And — like in Oklahoma — lives would be lost because millions of law-abiding Americans would be denied the right to defend themselves with handguns.

About one thing, however, Curran is absolutely correct. His proposals are none of those “small, timid measures” or “band-aid” solutions he denounces. No, siree.

Curran says, flat out: “Our public policy goal should be to restrict the sale and possession of all handguns to those who can demonstrate a legitimate law enforcement purpose or can guarantee that the use of such guns will be limited to participation in a regulated sporting activity…. We must institute a plan that will move us to a point where people are ready to accept an end to unrestricted private handgun ownership.”

Unrestricted?! In our country today, we have more than 20,000 so-called “gun control” laws!

There is so much in Curran’s wretched report that is false, half-true, and intellectually dishonest, that one hardly knows where to begin in trying to correct the record.

But, let’s start with his false view of the Second Amendment. Curran says: “This notion of an individual constitutional right to own firearms is a myth. The Supreme Court and all lower Federal courts have unanimously held, since the first decision in 1886, that the Second Amendment is about the states’ right to maintain a militia, and has nothing whatever to do with an individual’s right to bear arms outside the context of a state militia.”

Wrong! In a case called United States v. Miller (1939), the U.S. Supreme Court noted that the militia reference in the Second Amendment alludes to “civilians primarily, soldiers on occasion,” that “the Militia comprised all males physically capable of acting in concert for the common defense” and that ordinarily when called for service “these men were expected to appear bearing arms supplied by themselves and of the kind in common use at the time.”

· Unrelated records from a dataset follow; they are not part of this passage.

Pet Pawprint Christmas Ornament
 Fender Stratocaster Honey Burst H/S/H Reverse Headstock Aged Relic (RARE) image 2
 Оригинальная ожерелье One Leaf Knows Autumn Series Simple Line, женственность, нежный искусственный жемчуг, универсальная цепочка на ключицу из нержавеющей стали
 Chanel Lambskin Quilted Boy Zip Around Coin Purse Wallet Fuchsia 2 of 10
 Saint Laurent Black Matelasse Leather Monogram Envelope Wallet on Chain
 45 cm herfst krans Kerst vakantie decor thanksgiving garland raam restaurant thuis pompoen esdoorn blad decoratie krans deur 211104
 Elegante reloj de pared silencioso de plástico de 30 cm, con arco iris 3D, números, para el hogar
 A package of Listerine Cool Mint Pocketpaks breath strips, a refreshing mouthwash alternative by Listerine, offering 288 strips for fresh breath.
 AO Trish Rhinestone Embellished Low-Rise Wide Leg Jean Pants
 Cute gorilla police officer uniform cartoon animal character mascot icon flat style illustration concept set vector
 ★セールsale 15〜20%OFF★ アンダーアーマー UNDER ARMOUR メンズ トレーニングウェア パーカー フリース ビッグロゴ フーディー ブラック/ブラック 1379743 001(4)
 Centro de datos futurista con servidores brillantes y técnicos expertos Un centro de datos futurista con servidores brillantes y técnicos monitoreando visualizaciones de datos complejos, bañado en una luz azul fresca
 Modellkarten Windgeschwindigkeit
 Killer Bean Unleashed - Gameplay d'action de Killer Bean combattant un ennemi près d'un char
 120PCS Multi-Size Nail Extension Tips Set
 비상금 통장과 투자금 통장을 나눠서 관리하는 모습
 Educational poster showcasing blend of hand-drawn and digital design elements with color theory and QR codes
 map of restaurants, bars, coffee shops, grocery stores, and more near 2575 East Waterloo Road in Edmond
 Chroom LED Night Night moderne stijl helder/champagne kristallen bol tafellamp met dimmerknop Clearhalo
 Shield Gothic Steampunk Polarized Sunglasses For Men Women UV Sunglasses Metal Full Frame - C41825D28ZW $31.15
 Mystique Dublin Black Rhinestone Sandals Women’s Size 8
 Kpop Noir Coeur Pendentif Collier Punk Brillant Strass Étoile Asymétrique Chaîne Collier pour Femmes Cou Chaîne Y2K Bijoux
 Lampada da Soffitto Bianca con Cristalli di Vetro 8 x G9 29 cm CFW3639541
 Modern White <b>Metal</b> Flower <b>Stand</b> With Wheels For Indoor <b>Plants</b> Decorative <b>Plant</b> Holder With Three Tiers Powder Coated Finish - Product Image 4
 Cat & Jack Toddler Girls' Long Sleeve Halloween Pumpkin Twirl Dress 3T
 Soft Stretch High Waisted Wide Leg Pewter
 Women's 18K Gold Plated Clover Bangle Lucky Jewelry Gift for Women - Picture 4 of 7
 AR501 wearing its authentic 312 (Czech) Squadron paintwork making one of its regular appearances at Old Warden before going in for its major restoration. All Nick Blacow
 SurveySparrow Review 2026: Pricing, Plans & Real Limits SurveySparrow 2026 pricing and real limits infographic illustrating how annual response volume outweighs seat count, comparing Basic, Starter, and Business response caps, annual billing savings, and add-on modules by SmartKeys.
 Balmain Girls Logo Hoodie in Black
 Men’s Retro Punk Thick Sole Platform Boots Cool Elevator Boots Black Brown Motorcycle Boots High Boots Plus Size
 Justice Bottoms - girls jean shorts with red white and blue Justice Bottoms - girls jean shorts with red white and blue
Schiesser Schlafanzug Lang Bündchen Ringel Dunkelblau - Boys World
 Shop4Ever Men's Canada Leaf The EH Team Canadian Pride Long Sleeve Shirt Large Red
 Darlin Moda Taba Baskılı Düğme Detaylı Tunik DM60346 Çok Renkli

As Stephen P. Halbrook notes in his book That Every Man Be Armed: The Evolution Of A Constitutional Right (The Independent Institute, 1994): “The Supreme Court’s historical review demonstrates that the ‘well regulated militia’ referred to in the Second Amendment meant the whole people armed and not a select group, that each private individual had the right and duty to keep and bear arms, and that the people were to provide their own armed protection rather than depend upon a militarist and oppressive standing army.”

Maryland’s constitutional history shouts against Curran’s pro-civilian disarmament policies. In his book For The Defense Of Themselves And The State: “The Original Intent And Judicial Interpretation Of The Right To Keep And Bear Arms (Praeger, 1994), Clayton E. Cramer, quotes a member of the Maryland convention considering ratification of the U.S. Constitution (Alexander Contee Hanson) as referring to the militia, “which is ourselves.” And a committee of this same convention called the militia “all men, able to bear arms.”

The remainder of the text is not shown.